Namau - Economy



Subsistence and Commercial Activities. Namau Subsistence depends on taro, sweet potatoes, sago, coconuts, and bananas, as well as fish and great quantities of crabs from the rivers and streams. Game hunted for food includes wild pigs and wallabies. Gathered foods, such as grubs, also contribute to the diet, as do birds, though to a rather limited extent. Rattan, important in the construction of ritual masks and effigies as well as for house building, is obtained during large expeditions upriver. After Western contact the men of Namau were recruited to work for wages on European-owned plantations.

Industrial Arts. Namau build houses and canoes, make weapons and utilitarian items such as fishing nets and bows, and fashion ritual and ornamental objects from feathers, pearl shells, and rattan. Much of Namau manufacture is ornately carved with totemic motifs. Canoes are made primarily for local use, although sometimes they are sold. These vessels are not equipped with outrigging and the bows are carved with totemic designs.

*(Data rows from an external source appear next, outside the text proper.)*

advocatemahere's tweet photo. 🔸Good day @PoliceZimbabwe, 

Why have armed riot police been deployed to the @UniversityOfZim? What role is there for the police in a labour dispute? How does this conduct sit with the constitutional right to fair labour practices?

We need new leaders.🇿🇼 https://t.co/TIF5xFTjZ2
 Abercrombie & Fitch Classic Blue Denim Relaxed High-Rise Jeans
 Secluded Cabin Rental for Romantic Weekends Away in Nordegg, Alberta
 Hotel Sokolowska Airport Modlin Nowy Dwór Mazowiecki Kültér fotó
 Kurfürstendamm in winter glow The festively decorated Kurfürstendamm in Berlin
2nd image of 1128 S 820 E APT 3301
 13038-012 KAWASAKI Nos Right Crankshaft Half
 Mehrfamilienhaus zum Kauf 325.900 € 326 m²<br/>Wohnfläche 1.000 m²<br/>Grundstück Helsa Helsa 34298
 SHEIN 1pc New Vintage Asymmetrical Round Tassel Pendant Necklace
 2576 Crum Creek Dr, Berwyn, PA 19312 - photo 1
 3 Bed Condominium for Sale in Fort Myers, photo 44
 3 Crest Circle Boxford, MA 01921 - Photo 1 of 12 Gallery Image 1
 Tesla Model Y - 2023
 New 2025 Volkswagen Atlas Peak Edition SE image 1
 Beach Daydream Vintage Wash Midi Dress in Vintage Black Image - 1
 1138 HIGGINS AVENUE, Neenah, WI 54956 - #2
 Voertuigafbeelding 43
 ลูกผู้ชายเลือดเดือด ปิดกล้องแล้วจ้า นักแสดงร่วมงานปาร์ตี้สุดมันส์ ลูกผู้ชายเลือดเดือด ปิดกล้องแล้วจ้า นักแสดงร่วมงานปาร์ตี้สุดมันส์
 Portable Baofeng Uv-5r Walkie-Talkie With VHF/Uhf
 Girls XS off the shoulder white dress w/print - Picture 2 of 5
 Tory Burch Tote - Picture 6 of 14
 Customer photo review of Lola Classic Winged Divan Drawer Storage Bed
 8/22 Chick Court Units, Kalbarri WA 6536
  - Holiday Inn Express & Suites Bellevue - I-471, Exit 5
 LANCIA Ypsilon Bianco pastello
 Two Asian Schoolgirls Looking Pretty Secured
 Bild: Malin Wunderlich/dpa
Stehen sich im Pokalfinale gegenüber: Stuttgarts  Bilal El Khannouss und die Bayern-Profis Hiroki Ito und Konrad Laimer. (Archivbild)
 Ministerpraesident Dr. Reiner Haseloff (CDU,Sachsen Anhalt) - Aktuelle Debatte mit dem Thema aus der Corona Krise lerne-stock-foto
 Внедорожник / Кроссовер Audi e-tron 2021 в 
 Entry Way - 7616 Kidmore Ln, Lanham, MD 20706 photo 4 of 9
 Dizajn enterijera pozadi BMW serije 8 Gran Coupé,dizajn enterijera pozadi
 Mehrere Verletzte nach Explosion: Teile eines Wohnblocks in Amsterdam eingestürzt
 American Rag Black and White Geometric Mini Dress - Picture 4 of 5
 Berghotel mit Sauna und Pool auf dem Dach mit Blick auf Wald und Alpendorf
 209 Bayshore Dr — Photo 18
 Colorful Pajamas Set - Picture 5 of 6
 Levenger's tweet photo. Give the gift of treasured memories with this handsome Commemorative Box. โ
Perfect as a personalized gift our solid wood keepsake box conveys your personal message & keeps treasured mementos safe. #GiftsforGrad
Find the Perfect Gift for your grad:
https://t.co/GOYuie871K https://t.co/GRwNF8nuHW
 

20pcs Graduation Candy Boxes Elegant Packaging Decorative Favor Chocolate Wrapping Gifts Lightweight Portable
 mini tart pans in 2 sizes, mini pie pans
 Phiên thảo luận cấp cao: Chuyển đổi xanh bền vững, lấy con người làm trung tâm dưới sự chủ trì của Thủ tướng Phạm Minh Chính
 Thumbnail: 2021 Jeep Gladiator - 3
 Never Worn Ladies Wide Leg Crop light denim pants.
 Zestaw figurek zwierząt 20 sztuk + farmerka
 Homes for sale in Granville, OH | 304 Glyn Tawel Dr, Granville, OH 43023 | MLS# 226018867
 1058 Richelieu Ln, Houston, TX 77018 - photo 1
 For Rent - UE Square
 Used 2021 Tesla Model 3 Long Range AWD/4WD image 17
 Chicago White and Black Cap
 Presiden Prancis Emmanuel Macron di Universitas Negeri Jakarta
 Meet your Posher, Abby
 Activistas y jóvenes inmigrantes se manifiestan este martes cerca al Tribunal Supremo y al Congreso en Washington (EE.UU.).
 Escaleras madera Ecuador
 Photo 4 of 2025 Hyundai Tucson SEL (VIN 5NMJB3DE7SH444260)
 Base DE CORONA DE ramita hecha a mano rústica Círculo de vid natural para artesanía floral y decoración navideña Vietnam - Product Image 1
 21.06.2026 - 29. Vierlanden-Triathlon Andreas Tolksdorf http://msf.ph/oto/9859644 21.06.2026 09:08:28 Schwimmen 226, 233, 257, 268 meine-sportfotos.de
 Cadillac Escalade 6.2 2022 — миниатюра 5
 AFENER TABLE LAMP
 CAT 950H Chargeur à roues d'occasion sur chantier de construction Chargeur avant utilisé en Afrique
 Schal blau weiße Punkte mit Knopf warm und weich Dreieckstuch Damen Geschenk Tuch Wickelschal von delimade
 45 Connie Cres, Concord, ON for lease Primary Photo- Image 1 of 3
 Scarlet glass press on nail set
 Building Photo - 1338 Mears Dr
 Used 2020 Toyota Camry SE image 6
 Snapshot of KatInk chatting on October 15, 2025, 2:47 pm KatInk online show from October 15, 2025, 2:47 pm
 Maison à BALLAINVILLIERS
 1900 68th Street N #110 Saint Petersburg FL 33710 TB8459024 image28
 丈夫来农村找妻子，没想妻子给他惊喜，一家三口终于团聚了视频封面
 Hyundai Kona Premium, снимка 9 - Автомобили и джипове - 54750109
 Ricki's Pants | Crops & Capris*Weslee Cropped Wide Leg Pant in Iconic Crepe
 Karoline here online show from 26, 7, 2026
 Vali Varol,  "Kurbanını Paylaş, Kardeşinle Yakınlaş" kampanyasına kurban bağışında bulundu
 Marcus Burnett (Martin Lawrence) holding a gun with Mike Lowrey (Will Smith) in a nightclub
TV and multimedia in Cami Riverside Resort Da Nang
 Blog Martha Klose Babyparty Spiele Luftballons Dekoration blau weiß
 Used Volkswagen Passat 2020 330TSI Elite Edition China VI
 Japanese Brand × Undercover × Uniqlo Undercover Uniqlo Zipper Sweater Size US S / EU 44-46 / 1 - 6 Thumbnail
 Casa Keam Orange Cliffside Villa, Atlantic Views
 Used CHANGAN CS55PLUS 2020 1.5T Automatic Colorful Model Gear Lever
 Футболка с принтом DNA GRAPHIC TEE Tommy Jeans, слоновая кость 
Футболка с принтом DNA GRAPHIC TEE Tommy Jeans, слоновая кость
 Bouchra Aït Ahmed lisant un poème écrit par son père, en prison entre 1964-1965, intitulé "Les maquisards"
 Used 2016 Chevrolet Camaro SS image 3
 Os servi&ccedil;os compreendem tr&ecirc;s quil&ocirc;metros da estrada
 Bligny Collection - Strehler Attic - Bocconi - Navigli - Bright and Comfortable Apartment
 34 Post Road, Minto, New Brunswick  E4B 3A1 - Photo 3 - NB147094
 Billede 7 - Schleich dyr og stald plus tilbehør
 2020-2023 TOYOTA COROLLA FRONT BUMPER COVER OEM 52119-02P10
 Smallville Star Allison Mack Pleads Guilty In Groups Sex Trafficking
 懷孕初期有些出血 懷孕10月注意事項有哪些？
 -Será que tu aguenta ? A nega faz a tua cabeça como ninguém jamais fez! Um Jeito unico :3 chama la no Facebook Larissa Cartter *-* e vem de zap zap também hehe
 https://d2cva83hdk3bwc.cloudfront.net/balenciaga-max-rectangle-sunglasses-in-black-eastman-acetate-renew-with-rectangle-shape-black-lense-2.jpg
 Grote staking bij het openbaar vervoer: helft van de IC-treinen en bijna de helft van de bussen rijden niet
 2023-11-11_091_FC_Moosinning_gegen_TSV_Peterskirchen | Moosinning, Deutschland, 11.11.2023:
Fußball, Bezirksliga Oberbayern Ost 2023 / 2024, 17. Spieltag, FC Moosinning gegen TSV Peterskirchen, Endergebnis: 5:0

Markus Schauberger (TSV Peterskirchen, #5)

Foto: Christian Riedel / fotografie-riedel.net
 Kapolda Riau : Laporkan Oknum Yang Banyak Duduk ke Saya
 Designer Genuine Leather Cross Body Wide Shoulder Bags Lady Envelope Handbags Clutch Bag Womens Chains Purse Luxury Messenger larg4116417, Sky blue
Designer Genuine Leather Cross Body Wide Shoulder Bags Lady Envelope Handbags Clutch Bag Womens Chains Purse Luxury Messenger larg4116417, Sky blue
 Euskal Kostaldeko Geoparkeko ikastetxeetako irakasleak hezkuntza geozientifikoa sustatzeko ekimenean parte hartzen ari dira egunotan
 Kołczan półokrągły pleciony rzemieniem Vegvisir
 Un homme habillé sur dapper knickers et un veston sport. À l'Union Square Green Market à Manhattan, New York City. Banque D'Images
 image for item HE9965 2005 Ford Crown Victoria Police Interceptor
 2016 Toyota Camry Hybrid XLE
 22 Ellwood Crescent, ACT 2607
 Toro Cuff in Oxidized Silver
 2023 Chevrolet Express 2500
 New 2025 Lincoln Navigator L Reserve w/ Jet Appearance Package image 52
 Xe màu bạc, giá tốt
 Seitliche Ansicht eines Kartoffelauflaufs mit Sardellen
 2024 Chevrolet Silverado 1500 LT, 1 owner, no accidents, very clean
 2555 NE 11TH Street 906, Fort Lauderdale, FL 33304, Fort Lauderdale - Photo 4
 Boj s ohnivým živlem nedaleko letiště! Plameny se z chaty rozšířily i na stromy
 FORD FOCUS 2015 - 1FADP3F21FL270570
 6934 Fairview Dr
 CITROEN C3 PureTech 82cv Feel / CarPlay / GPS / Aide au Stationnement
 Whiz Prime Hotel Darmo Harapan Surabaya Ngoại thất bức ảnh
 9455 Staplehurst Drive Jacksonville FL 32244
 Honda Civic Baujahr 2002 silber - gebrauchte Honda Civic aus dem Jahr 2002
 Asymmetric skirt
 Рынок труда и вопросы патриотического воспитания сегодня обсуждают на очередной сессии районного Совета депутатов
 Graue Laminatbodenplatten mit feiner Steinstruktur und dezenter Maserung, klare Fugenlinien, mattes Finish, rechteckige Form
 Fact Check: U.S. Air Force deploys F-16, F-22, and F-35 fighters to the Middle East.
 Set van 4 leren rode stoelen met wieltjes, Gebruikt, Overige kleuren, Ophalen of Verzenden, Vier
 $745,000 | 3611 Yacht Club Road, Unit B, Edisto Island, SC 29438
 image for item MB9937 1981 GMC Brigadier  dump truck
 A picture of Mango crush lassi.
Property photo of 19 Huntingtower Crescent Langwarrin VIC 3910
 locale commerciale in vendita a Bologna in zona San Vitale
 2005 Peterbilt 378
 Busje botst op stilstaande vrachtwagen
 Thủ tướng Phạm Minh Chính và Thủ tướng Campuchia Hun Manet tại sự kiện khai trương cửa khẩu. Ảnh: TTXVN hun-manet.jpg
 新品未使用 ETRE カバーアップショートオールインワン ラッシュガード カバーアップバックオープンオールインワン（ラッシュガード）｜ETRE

Trade. Apart from exchanges occurring in ceremonial contexts, the only significant trade occurred with visits of Motu canoes taking part in the vast hiri trading system.

Division of Labor. Men build houses in cooperative groups recruited from patrilineally related kin. Canoe building is done only by men, as is the making of masks and effigies. Hunting is men's work as is most gardening and the tending of coconuts. Men also fish with bows and arrows or spears, but primarily for sport rather than as a subsistence activity. Women, on the other hand, engage in more serious fishing, using hand traps, hand nets, or long nets spread across streams. Women also process sago once the trees have been felled and floated downriver by the men. Gathering crabs and other food items may be done by either sex, but it tends to be done primarily by women. While all adult men are expected to be capable of building or making whatever they might need to secure a livelihood, an individual may develop a reputation as a particularly fine carver or boat builder and achieve a sort of specialist status among his fellows.

Land Tenure. Land for settlements and gardening, as well as associated waterways, is associated with local patrilineal groups rather than being vested in individuals. Rights to land are inherited patrilineally, with all sons having rights to the land of their fathers' groups.